Text Processing

Matheus Marabesi and Emmanuel Valverde

Matheus Marabesi and Emmanuel Valverde

See author's bio and posts

Introduction

As a developer that writes blog posts I want a tool that helps me to understand better the text I am writing. For that I need a way to know the following:

  1. What are the most common words used in the text?
  2. How many characters does the text have?
interface Processor {
analyse(text: string);
}

The usage of such interface is not required.

First challenge

Given the following text:

Hello, this is an example for you to practice. You should grab this text and make it as your test case.

The output should be:

Those are the top 10 words used:

1. you
2. this
3. your
4. to
5. text
6. test
7. should
8. practice
9. make
10. it

The text has in total 21 words

Some side notes:

  • As you may have noticed, the example assumes that You and you are the same, in other words, it's not case sensitive.
  • There is no order in which the words that have the same number are listed. For example, this and it, appear once, and they are not alphabetically ordered.

Next up, the kata starts to be a bit more complex. Make sure to complete this challenge first before going on into the second.

Second challenge

Now I would like to know how much time would it take the user to read my post, for that I should apply the following formula:

(The average reading rate is actually 238, according to this study, but 200 is a nice compromise and is easier to remember.)

Here's the formula:

  • Get your total word count (including the headline and subhead).
  • Divide total word count by 200. The number before the decimal is your minutes.
  • Take the decimal points and multiply that number by .60. That will give you your seconds.

Example:

783 words ÷ 200 = 3.915 (3 = 3 minutes)
.915 × .60 = .549 (a little over 54 seconds, so I'd bump it up to 60 seconds, or a full minute)

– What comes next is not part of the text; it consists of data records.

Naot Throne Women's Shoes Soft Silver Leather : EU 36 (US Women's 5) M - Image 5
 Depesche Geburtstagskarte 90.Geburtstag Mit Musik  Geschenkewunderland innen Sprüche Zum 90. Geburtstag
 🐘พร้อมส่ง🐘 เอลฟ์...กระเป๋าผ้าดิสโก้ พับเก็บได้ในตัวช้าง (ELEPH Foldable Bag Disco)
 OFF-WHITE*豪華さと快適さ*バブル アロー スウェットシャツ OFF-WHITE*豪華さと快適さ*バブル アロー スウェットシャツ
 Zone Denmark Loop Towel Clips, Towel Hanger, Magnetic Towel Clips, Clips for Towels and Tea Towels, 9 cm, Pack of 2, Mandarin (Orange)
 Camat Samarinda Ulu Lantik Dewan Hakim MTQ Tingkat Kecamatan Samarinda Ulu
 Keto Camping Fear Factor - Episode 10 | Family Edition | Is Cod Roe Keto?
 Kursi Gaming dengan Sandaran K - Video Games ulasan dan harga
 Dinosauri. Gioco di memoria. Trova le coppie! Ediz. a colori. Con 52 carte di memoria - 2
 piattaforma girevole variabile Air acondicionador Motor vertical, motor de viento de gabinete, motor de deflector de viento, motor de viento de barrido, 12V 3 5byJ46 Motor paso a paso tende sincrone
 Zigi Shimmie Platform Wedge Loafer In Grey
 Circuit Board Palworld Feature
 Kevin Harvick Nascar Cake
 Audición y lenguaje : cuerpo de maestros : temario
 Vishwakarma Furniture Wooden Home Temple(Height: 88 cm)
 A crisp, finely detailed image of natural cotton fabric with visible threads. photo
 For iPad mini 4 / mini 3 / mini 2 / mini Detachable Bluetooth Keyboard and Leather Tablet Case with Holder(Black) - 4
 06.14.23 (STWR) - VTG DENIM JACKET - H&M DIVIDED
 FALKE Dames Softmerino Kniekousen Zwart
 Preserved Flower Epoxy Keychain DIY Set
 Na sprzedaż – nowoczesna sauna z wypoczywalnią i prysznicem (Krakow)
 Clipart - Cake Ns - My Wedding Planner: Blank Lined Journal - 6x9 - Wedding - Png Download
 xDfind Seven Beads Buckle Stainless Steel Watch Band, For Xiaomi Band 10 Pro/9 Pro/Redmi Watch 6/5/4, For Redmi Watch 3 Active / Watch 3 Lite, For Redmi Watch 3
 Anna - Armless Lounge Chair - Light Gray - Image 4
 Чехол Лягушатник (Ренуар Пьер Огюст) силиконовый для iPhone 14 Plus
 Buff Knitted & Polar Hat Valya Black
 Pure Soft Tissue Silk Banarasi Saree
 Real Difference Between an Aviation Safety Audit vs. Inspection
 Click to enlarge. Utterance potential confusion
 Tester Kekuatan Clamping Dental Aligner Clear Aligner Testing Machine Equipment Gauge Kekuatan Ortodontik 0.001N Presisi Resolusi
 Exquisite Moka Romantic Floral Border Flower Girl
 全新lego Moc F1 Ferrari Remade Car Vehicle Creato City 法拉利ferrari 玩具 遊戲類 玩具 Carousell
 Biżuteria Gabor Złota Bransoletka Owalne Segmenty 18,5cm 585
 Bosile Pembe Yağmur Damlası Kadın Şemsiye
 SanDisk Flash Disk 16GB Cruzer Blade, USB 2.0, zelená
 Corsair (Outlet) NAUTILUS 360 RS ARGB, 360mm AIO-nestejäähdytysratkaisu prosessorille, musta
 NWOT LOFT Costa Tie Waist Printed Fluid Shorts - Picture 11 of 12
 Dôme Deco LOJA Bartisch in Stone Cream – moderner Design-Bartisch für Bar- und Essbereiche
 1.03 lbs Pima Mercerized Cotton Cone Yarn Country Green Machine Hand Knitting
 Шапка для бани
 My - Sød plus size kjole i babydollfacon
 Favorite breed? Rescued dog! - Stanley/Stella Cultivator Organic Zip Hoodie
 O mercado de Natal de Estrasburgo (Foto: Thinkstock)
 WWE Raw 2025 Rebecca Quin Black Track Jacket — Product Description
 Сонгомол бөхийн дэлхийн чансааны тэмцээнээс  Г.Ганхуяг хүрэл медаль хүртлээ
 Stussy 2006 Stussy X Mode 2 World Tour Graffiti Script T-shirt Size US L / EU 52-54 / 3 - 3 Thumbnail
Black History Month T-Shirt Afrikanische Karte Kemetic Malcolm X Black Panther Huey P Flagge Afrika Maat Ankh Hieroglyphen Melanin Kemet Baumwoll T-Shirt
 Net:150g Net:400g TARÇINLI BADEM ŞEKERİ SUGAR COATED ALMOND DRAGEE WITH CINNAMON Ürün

reading time for this example article is 4 minutes.

Third challenge

Besides the previous features, the text processing also should have:

  • A way to ignore a given piece of text to analyse (For example, a code snippets - the code snippet is in between javascript anything inside should be ignored)
  • A way to offer stop words and remove them from the analysis

Given the example for 1, this would be a text with code snippets:

Hello, this is an example for you to practice. You should grab
this text and make it as your test case:

if (true) {
console.log('should should should')
}

The text processing output should ignore the code snippet. Meaning, that the output should be:

Those are the top 10 words used:

1. you
2. this
3. your
4. to
5. text
6. test
7. should
8. practice
9. make
10. it

The text has in total 21 words

Note that, the word should is the same, and it does not goes up in the list as should appears four times (more than the word you).